Back Issues is a blog about The Nation’s archives, but one would need a magazine much older than 150 years to find archival evidence of a time when such views had the merest claim to morality, not to mention, as the guild so often and so tediously does, piety.
“I am shocked at the concerted effort led by pro-war elements to pillory this guy, rather than offer serious compassion,” Robert Musil, who wrote an article on Vietnam deserters for The Nation in 1973, told me last year. “Where is all that rhetoric about ‘we support our troops’? He has suffered a lot, as have others. Where is the understanding, the compassion, the humanity? I frankly think that’s the proper response to an American kid stranded in the middle of Afghanistan who feels he has no choice but to go away from his unit.”
After I wrote that post, I was contacted by Rory Fanning, a former US Army Ranger in Afghanistan who served in the same unit as Pat Tillman. Fanning kindly sent me a copy of his book, Worth Fighting For, published last November by Haymarket. It is a profoundly moving memoir about his trek across the United States to raise money for the Pat Tillman Foundation, but more importantly it is a thoughtful, historically literate and often hilarious account of Fanning’s effort to forge a new relationship with a country he worried he had betrayed and had been betrayed by: disturbed by what he saw in Afghanistan, Fanning briefly went AWOL. He likely would have suffered the same fate that Bergdahl faces had not imperial stupidity, incompetence and lying saved him at the last moment. Preoccupied by the fallout from Tillman’s death and the attempted cover-up to prevent disclosure that it was caused by friendly fire, military authorities allowed Fanning to leave their custody without charges.

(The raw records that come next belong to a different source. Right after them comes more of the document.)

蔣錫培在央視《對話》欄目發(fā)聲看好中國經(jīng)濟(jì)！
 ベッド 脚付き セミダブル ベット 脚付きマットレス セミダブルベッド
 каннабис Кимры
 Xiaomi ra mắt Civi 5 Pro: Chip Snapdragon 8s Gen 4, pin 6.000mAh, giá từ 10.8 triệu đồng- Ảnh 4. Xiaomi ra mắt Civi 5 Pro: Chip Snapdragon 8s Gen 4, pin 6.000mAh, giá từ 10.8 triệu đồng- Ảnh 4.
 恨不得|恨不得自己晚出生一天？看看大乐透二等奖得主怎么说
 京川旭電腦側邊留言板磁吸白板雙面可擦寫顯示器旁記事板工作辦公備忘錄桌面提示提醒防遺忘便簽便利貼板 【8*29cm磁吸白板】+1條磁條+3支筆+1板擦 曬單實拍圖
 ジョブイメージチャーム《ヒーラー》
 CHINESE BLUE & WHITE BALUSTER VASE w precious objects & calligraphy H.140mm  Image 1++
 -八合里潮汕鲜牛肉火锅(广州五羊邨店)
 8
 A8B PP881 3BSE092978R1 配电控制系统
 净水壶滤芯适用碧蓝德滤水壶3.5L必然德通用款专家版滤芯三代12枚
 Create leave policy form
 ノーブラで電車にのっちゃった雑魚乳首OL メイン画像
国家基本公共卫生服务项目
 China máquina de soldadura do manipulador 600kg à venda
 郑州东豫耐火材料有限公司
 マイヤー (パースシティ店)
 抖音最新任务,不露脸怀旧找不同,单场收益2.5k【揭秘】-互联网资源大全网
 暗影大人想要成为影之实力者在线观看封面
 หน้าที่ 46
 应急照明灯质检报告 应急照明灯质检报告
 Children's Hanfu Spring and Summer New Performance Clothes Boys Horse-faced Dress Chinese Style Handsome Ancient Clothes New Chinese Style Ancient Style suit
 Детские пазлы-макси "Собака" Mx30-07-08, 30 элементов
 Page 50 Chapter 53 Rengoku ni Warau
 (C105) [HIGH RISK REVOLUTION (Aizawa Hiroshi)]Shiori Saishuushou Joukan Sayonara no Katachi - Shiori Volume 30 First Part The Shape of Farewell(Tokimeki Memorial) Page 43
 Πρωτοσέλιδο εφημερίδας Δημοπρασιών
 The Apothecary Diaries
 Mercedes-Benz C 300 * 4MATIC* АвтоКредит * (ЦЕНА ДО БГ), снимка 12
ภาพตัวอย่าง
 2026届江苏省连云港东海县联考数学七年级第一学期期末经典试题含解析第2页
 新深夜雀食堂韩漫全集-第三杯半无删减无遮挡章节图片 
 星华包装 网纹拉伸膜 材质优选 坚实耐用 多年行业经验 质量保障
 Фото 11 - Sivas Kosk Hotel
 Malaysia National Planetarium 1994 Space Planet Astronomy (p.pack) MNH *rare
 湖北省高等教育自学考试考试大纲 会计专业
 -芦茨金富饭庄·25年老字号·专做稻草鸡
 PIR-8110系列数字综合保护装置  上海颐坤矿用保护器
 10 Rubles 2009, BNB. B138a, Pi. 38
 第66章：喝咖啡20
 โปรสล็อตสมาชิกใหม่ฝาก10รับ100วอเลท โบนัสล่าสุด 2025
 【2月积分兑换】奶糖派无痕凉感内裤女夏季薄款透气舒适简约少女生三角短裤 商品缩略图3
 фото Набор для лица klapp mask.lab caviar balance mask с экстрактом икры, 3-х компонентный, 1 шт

Fanning returned home and a few years later embarked on his transcontinental walk, seeking (and ultimately finding) a more profound connection to the American people, past and land than he had thought possible when he was growing up.
(I cannot recommend the book highly enough.)
My first reaction upon hearing the news that Bergdahl would be charged with desertion was to unfurl a string of expletives. My second was to get Fanning on the phone.
“Clearly,” he began, “the main reason they’re going after him is because they don’t want to be responsible for the hundreds of thousands of dollars in back pay that they owe him. I find that ironic, as they’ve been giving millions to warlords, throwing away trillions since 2001.”
Indeed, The New York Times’s otherwise somewhat mysterious suggestion that “there appears to be little desire to see him serve time” makes a lot more sense if you reason, as Fanning does, that they are only charging him to avoid having to cough up the back pay.
“The evidence against him that he’s responsible for the deaths of six soldiers is tenuous at best,” Fanning continued. “But the bigger point is the fact that the entity to blame for these deaths is the US military, for sending these soldiers into a war that should never have happened. The Taliban surrendered months after the initial invasion. But our politicians wanted blood.”
Fanning feels for Bergdahl. “Anyone who has been in Afghanistan could clearly see that the US had nothing to do in that country,” he told me. “We were little more than pawns in village disputes most of the time.”
“To be honest with you,” Fanning said, “we need a million more Bowe Bergdahls. Anybody who has any degree of common sense or moral fortitude would say, ‘This is ridiculous. I’m not gonna fight this war.’”
Fanning told me, as Musil had last year, that it is not at all easy or in some cases possible to declare yourself a conscientious objector once you are in war.
“I could totally relate to this guy,” he said. “I consider him a hero. To kill somebody for a cause you don’t believe in is potentially worse than being killed yourself, because those scars last forever. Just walking off the battlefield as Bergdahl did seems like an easier route than seeking conscientious-objector status.”
Why the wingnut feeding frenzy?
“It’s a lot of fear-mongering to prop up this state of perpetual war,” Fanning concluded. “Recruitment is down. People are realizing we’re not fighting for freedom or democracy, but for empire. They have to make an example out of someone like Bowe Bergdahl.”